There have been only a handful of gadgets in my life that, upon their arrival, fundamentally altered how I use technology in my life. The Amazon Echo has been one of those products.
I’ve long been a believer in the promise of hands-free computing. The basic concept is promising: Voice control promises the ability to engage with computers while still going about our business as normal. Over the past few years, us humans have become increasingly glued to our screens, even while we’re out and about. I believe voice control will soon offer the same level of functionality and benefits without the need to bury our faces in our various displays.
Read more: The ultimate guide to the Amazon Echo
Today’s biggest technology companies are already laying the building blocks towards that future. Those firms already focused on voice-only interfaces will have a big head start, because that kind of computing requires a total rethink on how we interact with our devices.
This brings us to the Amazon Echo and its artificial intelligence software, Alexa. Alexa is already taking off: The Echo lineup is a big hit, while dozens of third-party device makers are rushing to incorporate Alexa into their own devices. While Google, Apple and Microsoft have voice-activated AI aides of their own, all signs currently point to Amazon as the leader in the field, especially when it comes to third-party integration.

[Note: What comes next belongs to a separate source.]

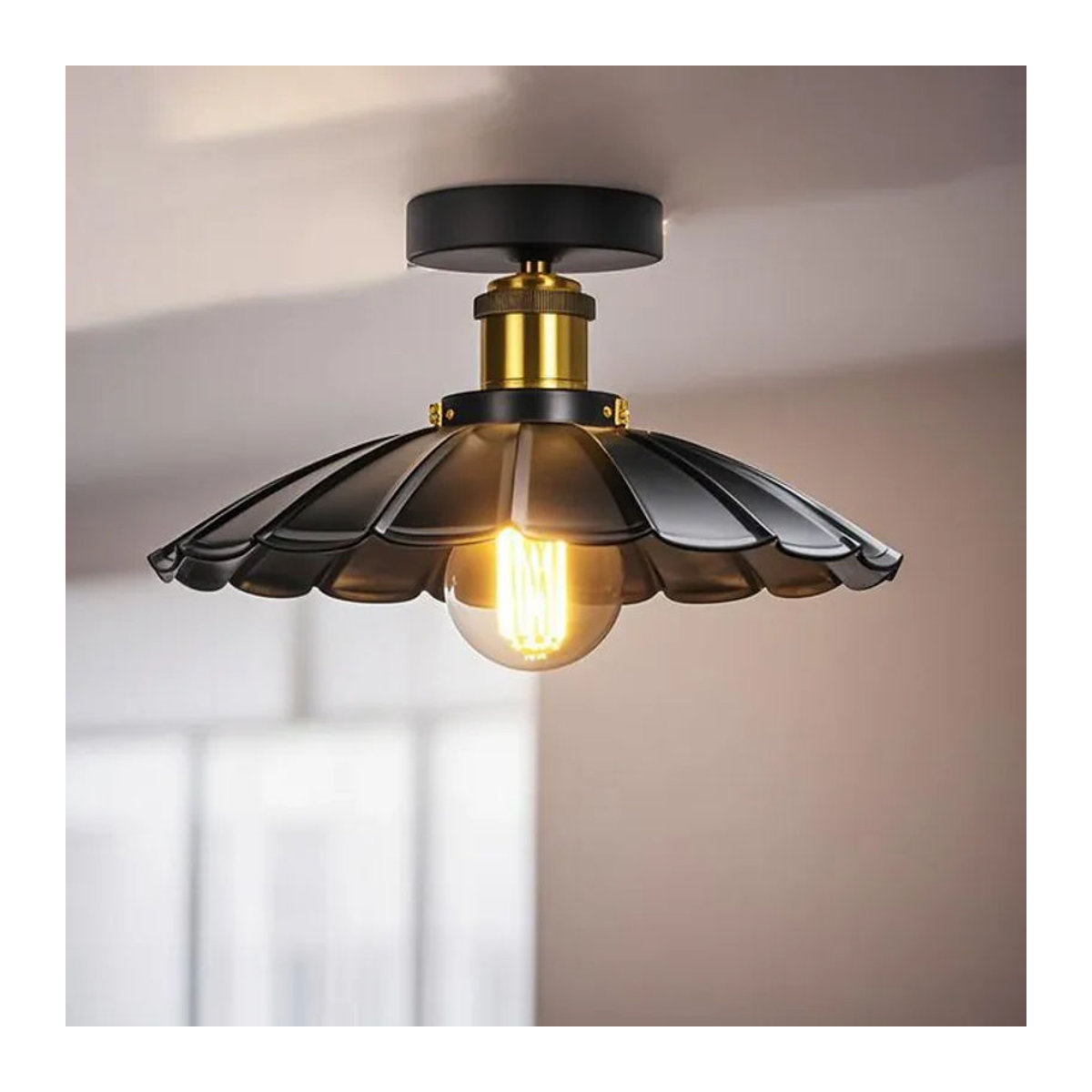 OSABO Retro Deckenlampe aus Metall für Innenräume mit E27 Fassung in Schwarz/Weiß - Bild 1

What are Amazon’s advantages? First and foremost, it’s Amazon cloud, called Amazon Web Services, or AWS. AWS offers a plethora of helpful backend tools that can power AI, natural language processing, machine learning and other technologies that make a gadget like the Echo more useful. Many of the third-party gadget companies that will use Alexa will also use AWS, enabling Amazon to offer favorable pricing for that hardware integration. Amazon also controls a massive e-commerce marketplace, a powerful distribution channel for these hardware products.
The logical progression here is a build-up of a third-party ecosystem around Alexa. Consumers will see a bounty of Alexa-enabled devices connected to one another, helping to convince them to join the greater Alexa ecosystem. An interesting trend we see with the Echo is that, once a person gets one in their home and connects a smart home product like connected lights or a thermostat, they quickly start to connect others, too. So the bigger the ecosystem, the better.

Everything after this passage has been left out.